**Exercise requirements**
The whole listing below needs to be duplicated exactly, pictures aside.

**Stored data**
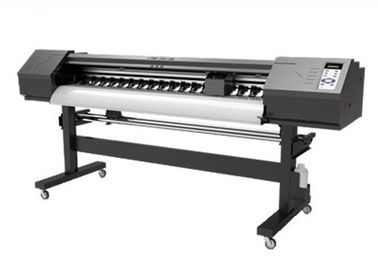 China Xenons X2A 1.8m Large Format Eco Solvent Printer For Indoor / Outdoor Signage supplier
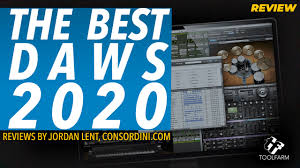 If you own a powerful laptop or desktop, pro tools is the best music editing software to complement your hardware. Reviews The Best Daw Music Production Software 2020 Toolfarm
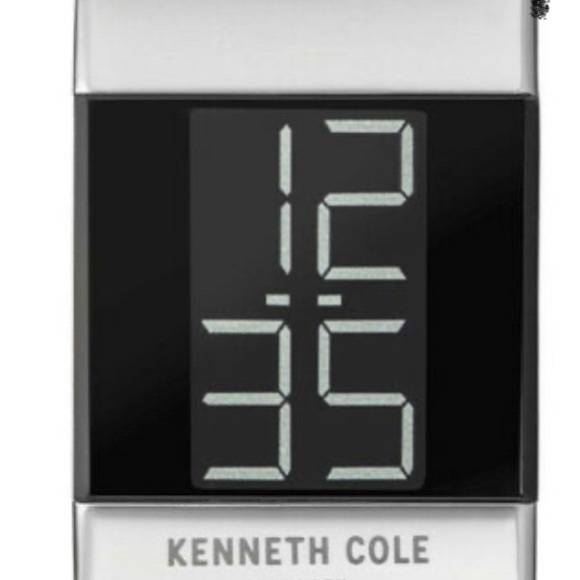 Kenneth Cole Reaction digital watch - Picture 8 of 8
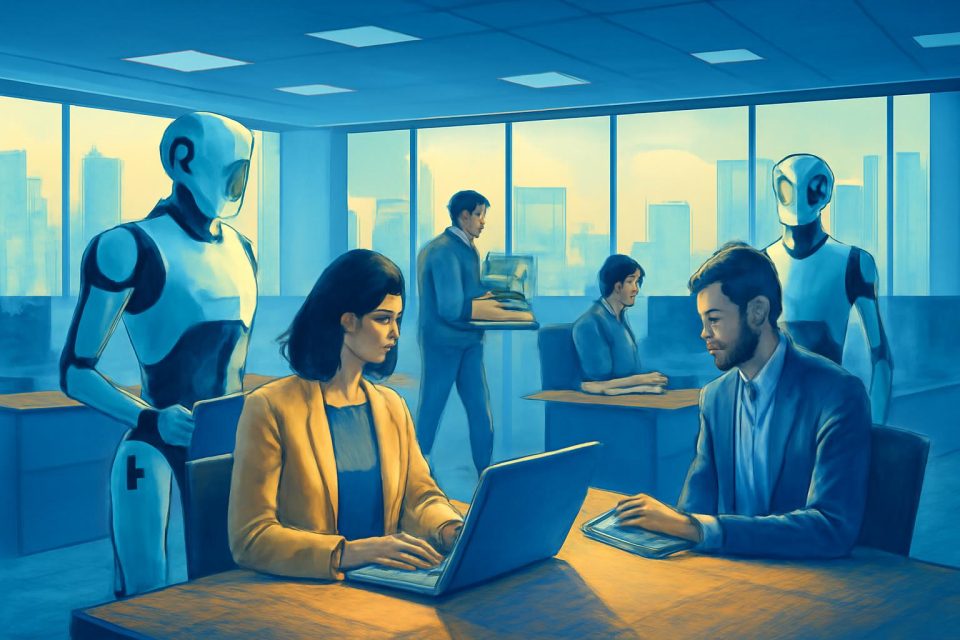 Impact of AI on Employment: Waves of Layoffs Ahead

**Exercise response**
 China Xenons X2A 1.8m Large Format Eco Solvent Printer For Indoor / Outdoor Signage supplier
 If you own a powerful laptop or desktop, pro tools is the best music editing software to complement your hardware. Reviews The Best Daw Music Production Software 2020 Toolfarm
 Kenneth Cole Reaction digital watch - Picture 8 of 8
 Impact of AI on Employment: Waves of Layoffs Ahead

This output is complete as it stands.